**DESCRIPTION OF THE TASK:**
Transcribe the full listing without changing a word, and omit its pictures.

[INPUT]

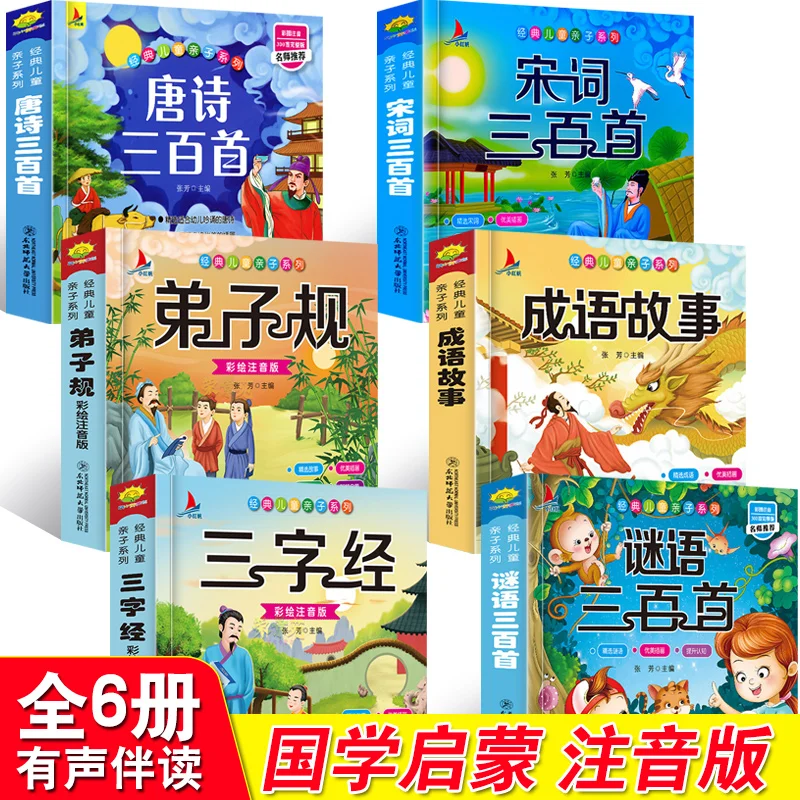 6 Books Chinese Classics Series Idiom Stories Three Hundred Tang Poems Song Ci Riddles Three Character  Disciple's Color Picture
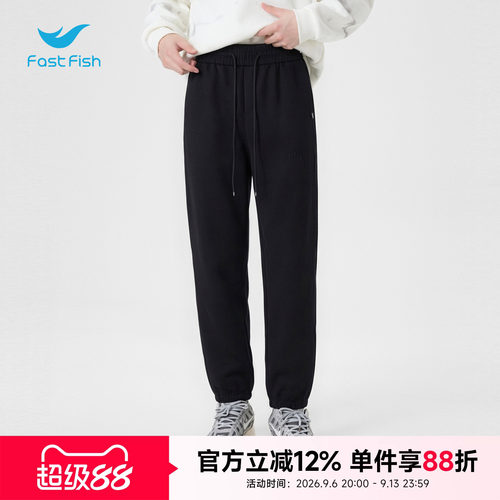 快鱼高腰抽绳束脚卫裤男秋冬季宽松垂感运动裤显瘦休闲哈伦裤子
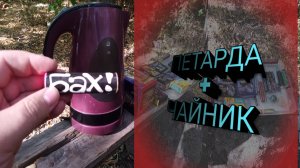 ✅Приколы с ПЕТАРДАМИ,топ мощных петард против чайника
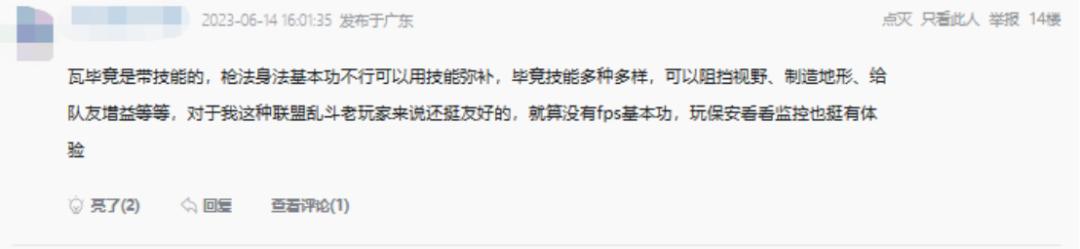 没玩过fps无畏契约新手入门教程,无畏契约怎么让fps最大化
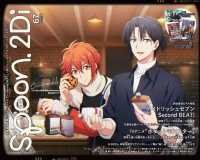 ＫＡＤＯＫＡＷＡ　ＭＯＯＫ<br> ｓｐｏｏｎ．２Ｄｉ 〈ｖｏｌ．６７〉 特集：アイドリッシュセブンＳｅｃｏｎｄ　ＢＥＡＴ！／「ポケッ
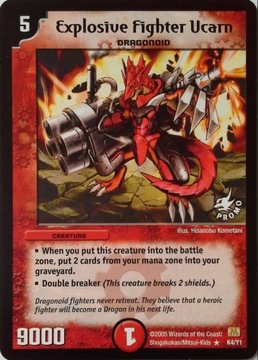 *PROMO - DUEL MASTERS - KELLOGG'S - EXPLOSIVE FIGHTER UCARN !!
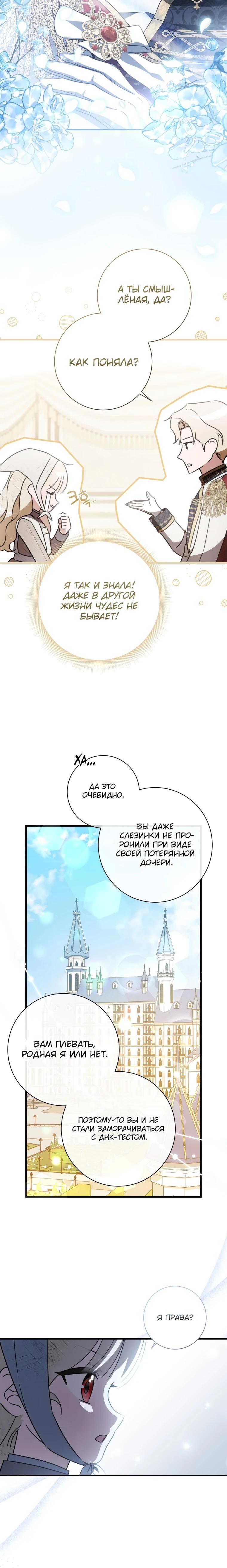 Манга Любимая дочь графа - Глава 1 Страница 28
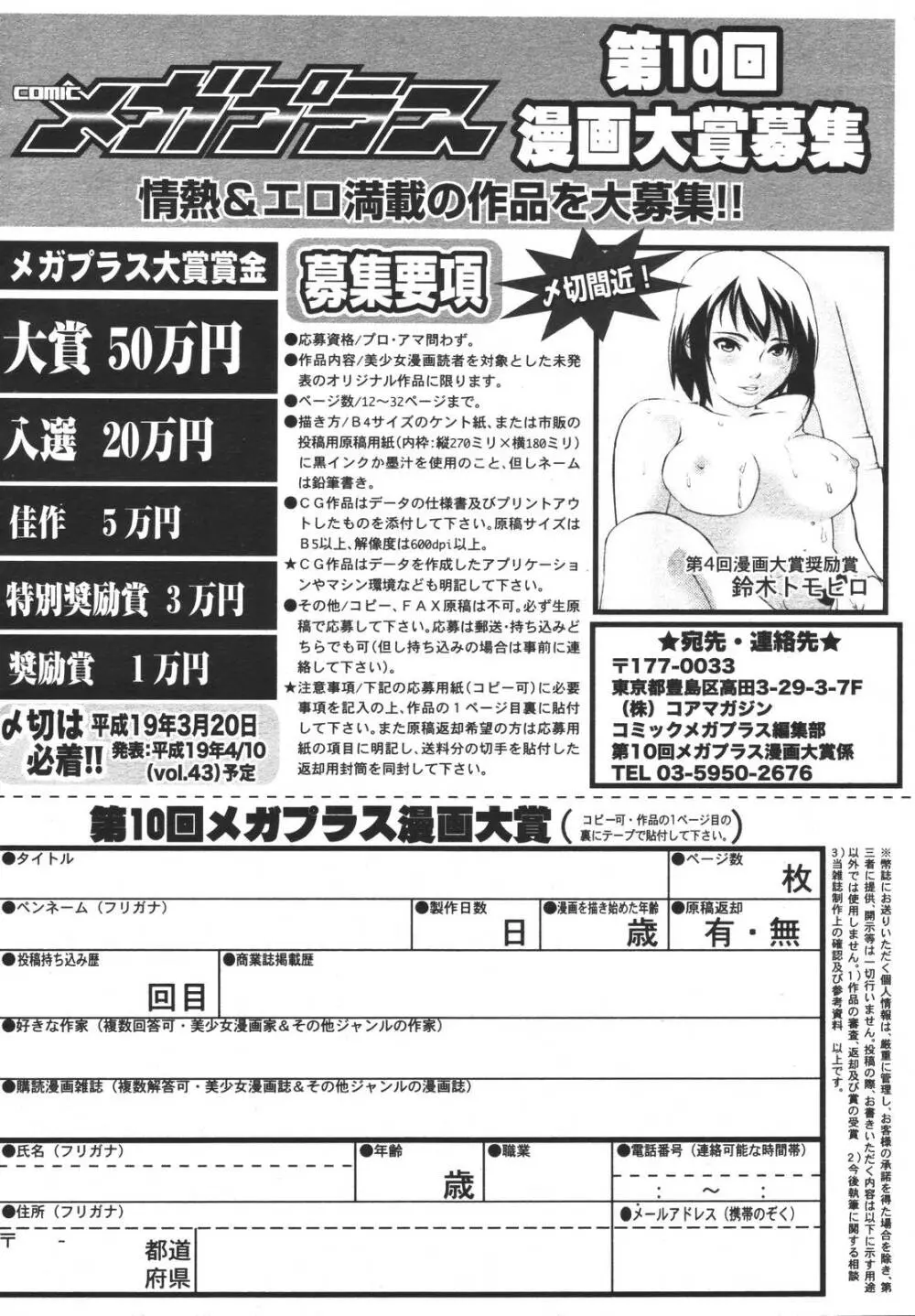 コミックメガプラス 2007年4月号 Vol.42 Page.304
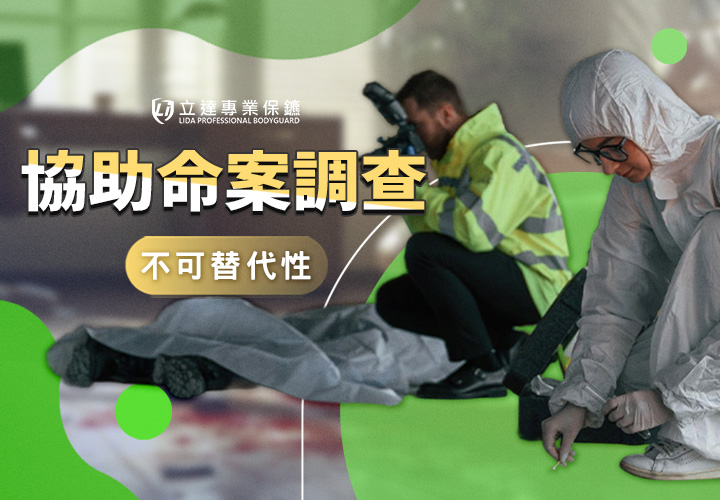 私人保鑣可以協助命案調查嗎？全面解析專業安全團隊｜立達專業保鑣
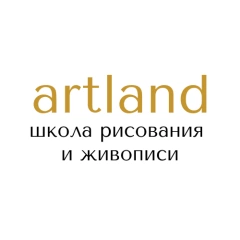 Школа рисования и живописи Artland, Школа рисования и живописи Artland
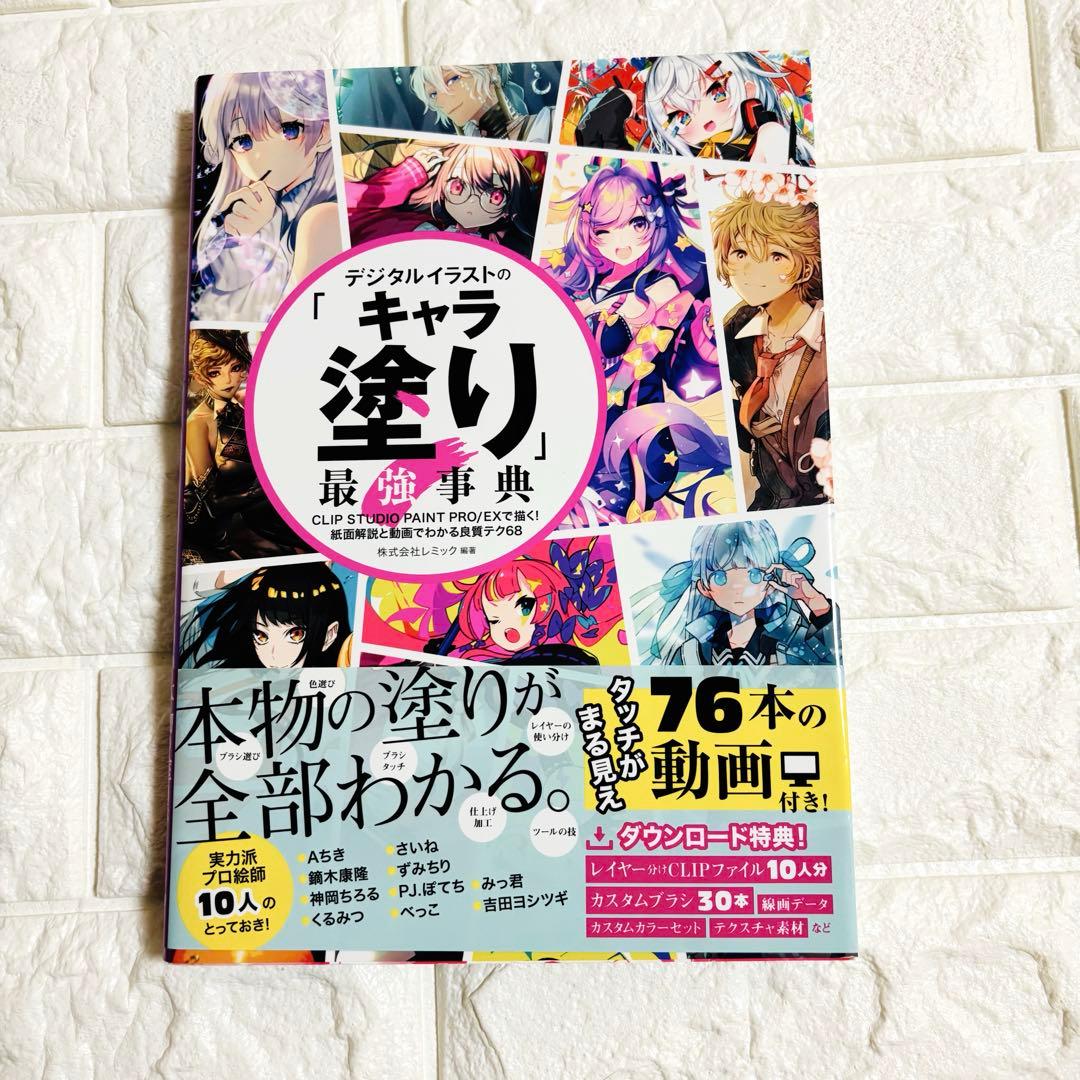 イラスト技法書 まとめ売り 15冊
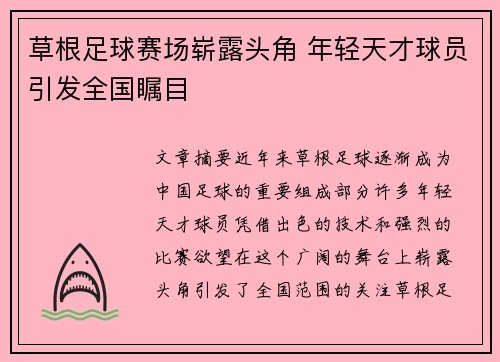 草根足球赛场崭露头角 年轻天才球员引发全国瞩目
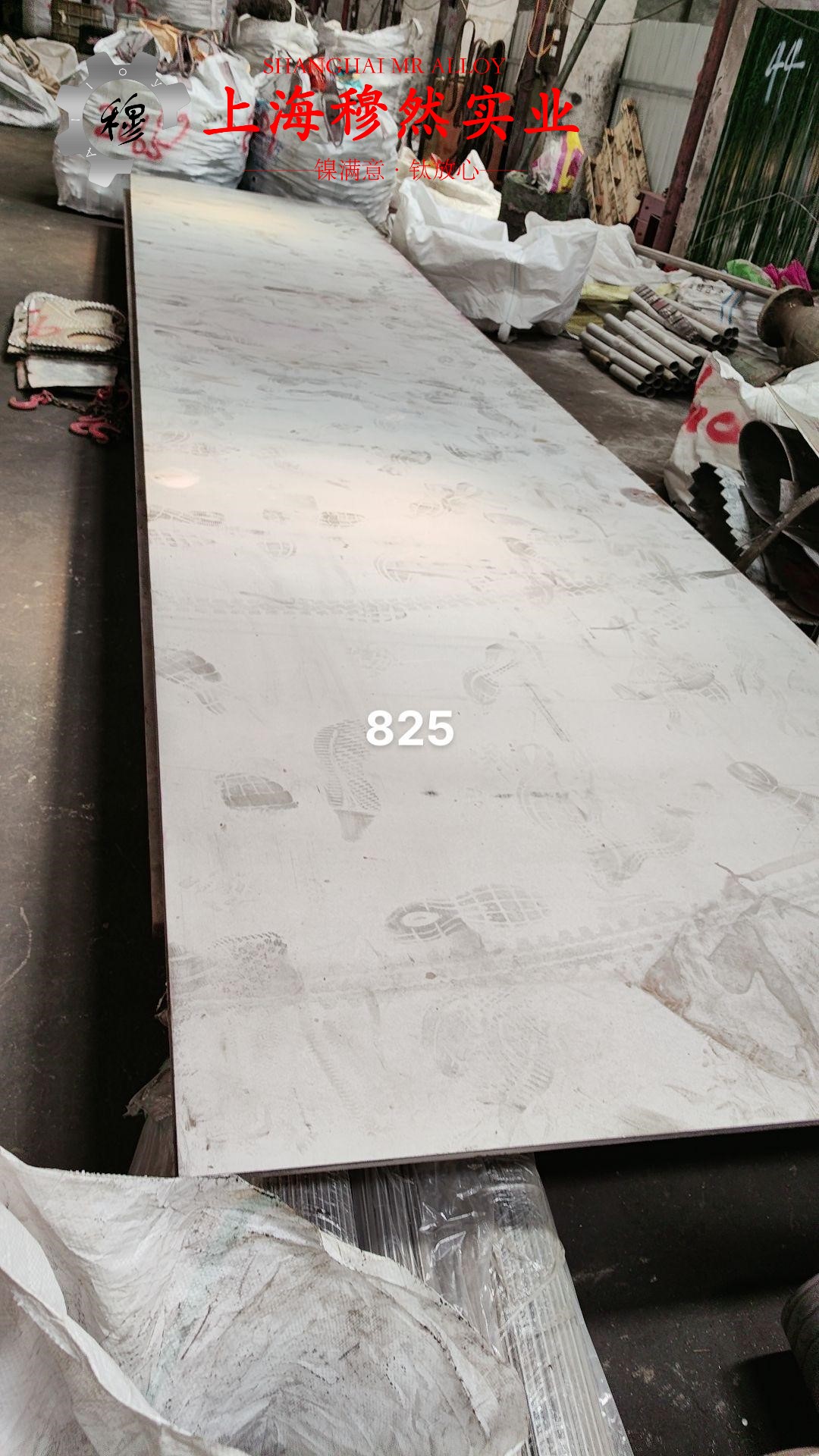 0Cr21Ni32AlTi镍铁铬合金的切削加工与磨削性能科普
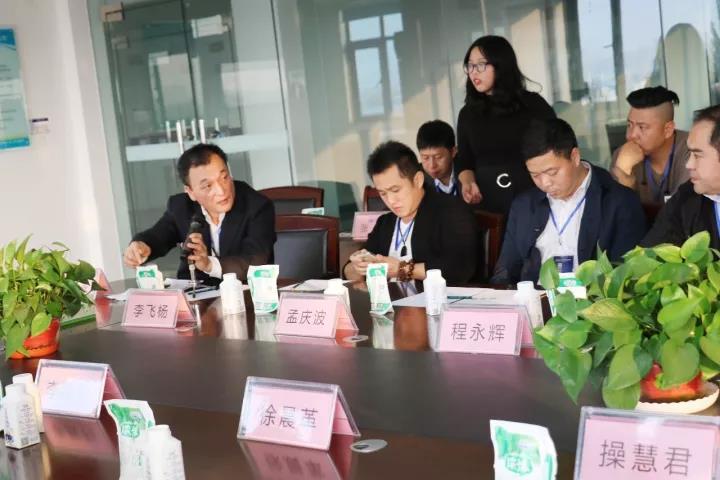 商界領袖俱樂部精英參訪花花牛！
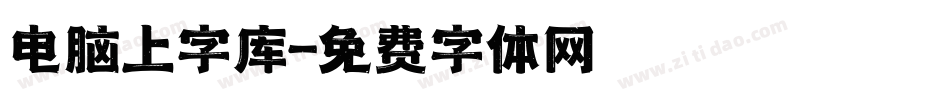 电脑上字库字体转换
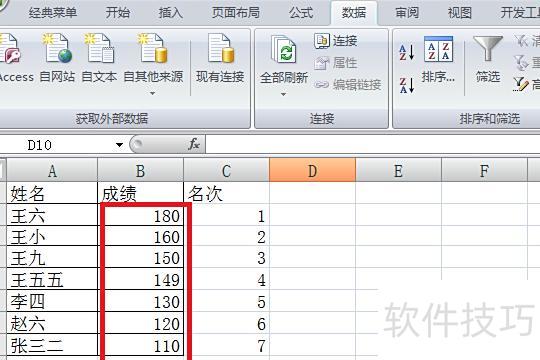 excel怎么升序排列(excel文本排序怎么排)-软件技巧-ZOL软件下载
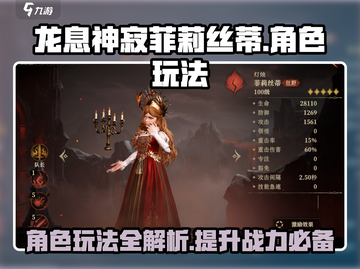 龙息神寂菲莉丝蒂🔥超详细玩法攻略来啦！截图1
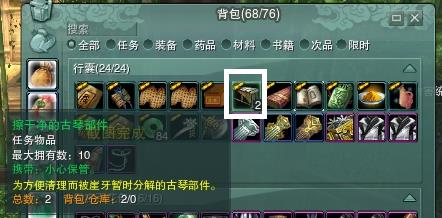 12191599_614264995379686_2959042300946765540_n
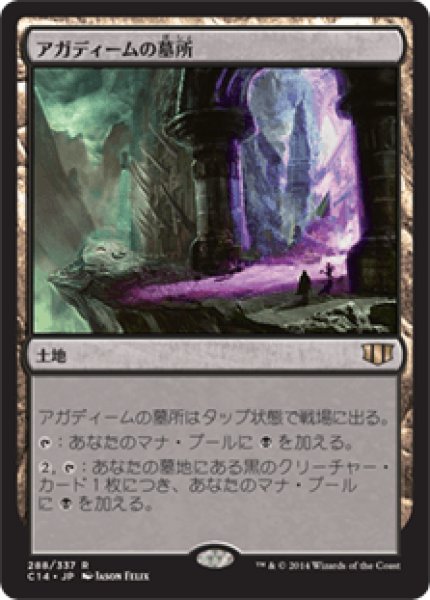 画像1: アガディームの墓所/Crypt of Agadeem (C14) (1)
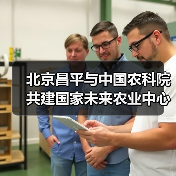 北京昌平与中国农科院共建国家未来农业中心(图2) 北京昌平与中国农科院共建国家未来农业中心(图2)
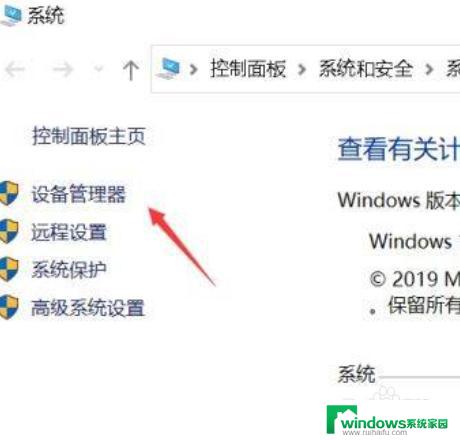 Win10开机花屏横条纹怎么办？一招解决所有问题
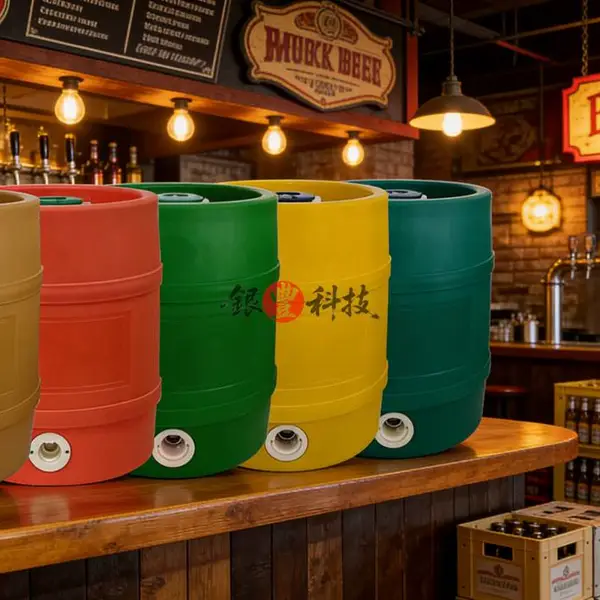 银丰食品级全塑啤酒桶 啤酒保鲜桶 扎啤桶 鲜啤桶 5L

[/INPUT]

**WRITTEN SOLUTION:**
 6 Books Chinese Classics Series Idiom Stories Three Hundred Tang Poems Song Ci Riddles Three Character  Disciple's Color Picture
 快鱼高腰抽绳束脚卫裤男秋冬季宽松垂感运动裤显瘦休闲哈伦裤子
 ✅Приколы с ПЕТАРДАМИ,топ мощных петард против чайника
 没玩过fps无畏契约新手入门教程,无畏契约怎么让fps最大化
 ＫＡＤＯＫＡＷＡ　ＭＯＯＫ<br> ｓｐｏｏｎ．２Ｄｉ 〈ｖｏｌ．６７〉 特集：アイドリッシュセブンＳｅｃｏｎｄ　ＢＥＡＴ！／「ポケッ
 *PROMO - DUEL MASTERS - KELLOGG'S - EXPLOSIVE FIGHTER UCARN !!
 Манга Любимая дочь графа - Глава 1 Страница 28
 コミックメガプラス 2007年4月号 Vol.42 Page.304
 私人保鑣可以協助命案調查嗎？全面解析專業安全團隊｜立達專業保鑣
 Школа рисования и живописи Artland, Школа рисования и живописи Artland
 イラスト技法書 まとめ売り 15冊
 草根足球赛场崭露头角 年轻天才球员引发全国瞩目
 0Cr21Ni32AlTi镍铁铬合金的切削加工与磨削性能科普
 商界領袖俱樂部精英參訪花花牛！
 电脑上字库字体转换
 excel怎么升序排列(excel文本排序怎么排)-软件技巧-ZOL软件下载
 龙息神寂菲莉丝蒂🔥超详细玩法攻略来啦！截图1
 12191599_614264995379686_2959042300946765540_n
 画像1: アガディームの墓所/Crypt of Agadeem (C14) (1)
 北京昌平与中国农科院共建国家未来农业中心(图2) 北京昌平与中国农科院共建国家未来农业中心(图2)
 Win10开机花屏横条纹怎么办？一招解决所有问题
 银丰食品级全塑啤酒桶 啤酒保鲜桶 扎啤桶 鲜啤桶 5L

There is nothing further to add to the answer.